4.9 Hormonal therapy
Although the efficacy of the hormonal therapy for ER/PR-positive EC has been examined in clinical trials, the results have not been favorable enough to merit incorporation into standard therapy, and its utilization has not been established yet. In contrast, hormonal therapy is important in standard care for breast cancer.
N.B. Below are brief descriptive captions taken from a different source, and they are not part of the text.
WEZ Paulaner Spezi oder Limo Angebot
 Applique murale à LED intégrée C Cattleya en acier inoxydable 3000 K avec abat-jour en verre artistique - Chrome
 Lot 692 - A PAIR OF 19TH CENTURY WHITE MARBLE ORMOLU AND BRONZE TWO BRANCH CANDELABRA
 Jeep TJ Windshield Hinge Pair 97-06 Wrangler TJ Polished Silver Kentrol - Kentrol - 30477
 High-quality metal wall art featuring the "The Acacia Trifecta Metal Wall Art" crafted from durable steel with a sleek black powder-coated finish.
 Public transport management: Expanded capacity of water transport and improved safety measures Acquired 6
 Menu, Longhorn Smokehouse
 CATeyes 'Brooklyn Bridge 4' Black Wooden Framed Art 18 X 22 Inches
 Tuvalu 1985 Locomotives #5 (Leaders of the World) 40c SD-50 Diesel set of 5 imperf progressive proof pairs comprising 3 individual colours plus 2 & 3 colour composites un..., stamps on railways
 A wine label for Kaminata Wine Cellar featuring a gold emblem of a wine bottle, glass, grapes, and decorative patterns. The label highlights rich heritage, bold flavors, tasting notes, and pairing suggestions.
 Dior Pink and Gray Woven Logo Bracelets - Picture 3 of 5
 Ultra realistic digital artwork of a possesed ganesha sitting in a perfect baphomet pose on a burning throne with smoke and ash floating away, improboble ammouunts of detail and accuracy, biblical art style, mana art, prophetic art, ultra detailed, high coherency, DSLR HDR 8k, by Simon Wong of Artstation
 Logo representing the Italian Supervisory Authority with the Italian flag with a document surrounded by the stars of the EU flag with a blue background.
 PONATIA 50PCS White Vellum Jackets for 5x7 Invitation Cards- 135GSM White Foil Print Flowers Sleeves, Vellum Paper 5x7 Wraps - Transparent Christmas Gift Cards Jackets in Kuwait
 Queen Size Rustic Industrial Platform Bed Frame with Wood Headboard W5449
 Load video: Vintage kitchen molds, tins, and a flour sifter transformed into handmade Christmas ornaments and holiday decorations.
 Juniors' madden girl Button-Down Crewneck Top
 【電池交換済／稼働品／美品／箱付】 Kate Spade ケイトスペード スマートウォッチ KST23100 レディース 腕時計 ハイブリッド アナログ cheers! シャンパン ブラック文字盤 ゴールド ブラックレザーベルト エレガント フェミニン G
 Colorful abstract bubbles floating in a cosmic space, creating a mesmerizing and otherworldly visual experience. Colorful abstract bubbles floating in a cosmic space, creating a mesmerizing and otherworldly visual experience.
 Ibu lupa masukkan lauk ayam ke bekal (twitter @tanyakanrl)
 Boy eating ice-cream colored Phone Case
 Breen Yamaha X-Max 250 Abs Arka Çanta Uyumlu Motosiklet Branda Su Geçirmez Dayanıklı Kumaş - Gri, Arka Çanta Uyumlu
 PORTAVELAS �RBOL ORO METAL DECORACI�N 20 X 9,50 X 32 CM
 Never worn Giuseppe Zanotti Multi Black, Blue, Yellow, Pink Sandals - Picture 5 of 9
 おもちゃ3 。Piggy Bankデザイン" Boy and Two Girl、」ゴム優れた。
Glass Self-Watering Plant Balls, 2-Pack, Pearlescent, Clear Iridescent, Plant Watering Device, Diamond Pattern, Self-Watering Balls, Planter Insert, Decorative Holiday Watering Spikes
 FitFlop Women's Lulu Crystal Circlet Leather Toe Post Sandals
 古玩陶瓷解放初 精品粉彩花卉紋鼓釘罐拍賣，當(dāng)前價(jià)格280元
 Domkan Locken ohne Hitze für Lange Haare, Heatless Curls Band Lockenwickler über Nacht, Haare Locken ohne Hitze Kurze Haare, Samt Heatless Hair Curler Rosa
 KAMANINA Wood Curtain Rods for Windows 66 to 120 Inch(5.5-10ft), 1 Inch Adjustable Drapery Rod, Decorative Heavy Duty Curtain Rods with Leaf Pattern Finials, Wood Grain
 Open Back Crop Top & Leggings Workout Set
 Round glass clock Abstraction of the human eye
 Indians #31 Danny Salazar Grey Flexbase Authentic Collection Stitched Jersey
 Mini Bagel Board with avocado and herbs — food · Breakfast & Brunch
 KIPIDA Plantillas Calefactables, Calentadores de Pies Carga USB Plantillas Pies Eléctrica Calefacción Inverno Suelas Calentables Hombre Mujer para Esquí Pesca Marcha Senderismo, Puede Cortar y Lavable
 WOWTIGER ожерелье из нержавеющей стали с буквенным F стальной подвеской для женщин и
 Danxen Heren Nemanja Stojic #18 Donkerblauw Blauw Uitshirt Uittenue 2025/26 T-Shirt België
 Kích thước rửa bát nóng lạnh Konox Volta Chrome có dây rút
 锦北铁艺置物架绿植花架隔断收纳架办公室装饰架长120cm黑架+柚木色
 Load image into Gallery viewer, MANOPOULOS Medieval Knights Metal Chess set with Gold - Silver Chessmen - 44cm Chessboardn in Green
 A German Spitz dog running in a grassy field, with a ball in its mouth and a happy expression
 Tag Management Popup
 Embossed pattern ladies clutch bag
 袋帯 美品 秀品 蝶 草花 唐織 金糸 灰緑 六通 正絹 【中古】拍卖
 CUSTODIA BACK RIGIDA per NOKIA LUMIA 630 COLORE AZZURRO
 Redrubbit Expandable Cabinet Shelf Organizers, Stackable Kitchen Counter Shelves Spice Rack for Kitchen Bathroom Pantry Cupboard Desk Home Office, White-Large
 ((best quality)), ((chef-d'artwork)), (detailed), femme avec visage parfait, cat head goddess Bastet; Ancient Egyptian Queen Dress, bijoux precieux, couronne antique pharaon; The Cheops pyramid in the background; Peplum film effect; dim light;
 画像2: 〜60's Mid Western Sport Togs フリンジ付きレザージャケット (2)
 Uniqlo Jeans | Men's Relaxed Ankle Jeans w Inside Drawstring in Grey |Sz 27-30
Studies examining the relationship between molecular characteristics and effects of hormonal therapy have been intensively conducted in breast cancer, and such studies are required in EC.125 Given that NSMP p53abn EC is associated with mutations in the PI3K/Akt/mTOR pathway, the results of clinical trials utilizing letrozole in combination with the mTOR inhibitor everolimus and metformin, a treatment for diabetes mellitus, have been reported.102–104 However, prospective clinical trials with appropriate molecular biological stratification are required because these studies have not focused on molecular types. The RAINBW program is planning the NSMP-ORANGE trial to compare adjuvant chemotherapy with radiation plus hormonal therapy in patients with ER-positive stage II (with LVSI) or stage III with NSMP p53 wt EC.78 Additionally, the NCT05454358 trial is ongoing to compare 3-year PFS between NSMP patients with or without postoperative letrozole maintenance therapy (Table 3).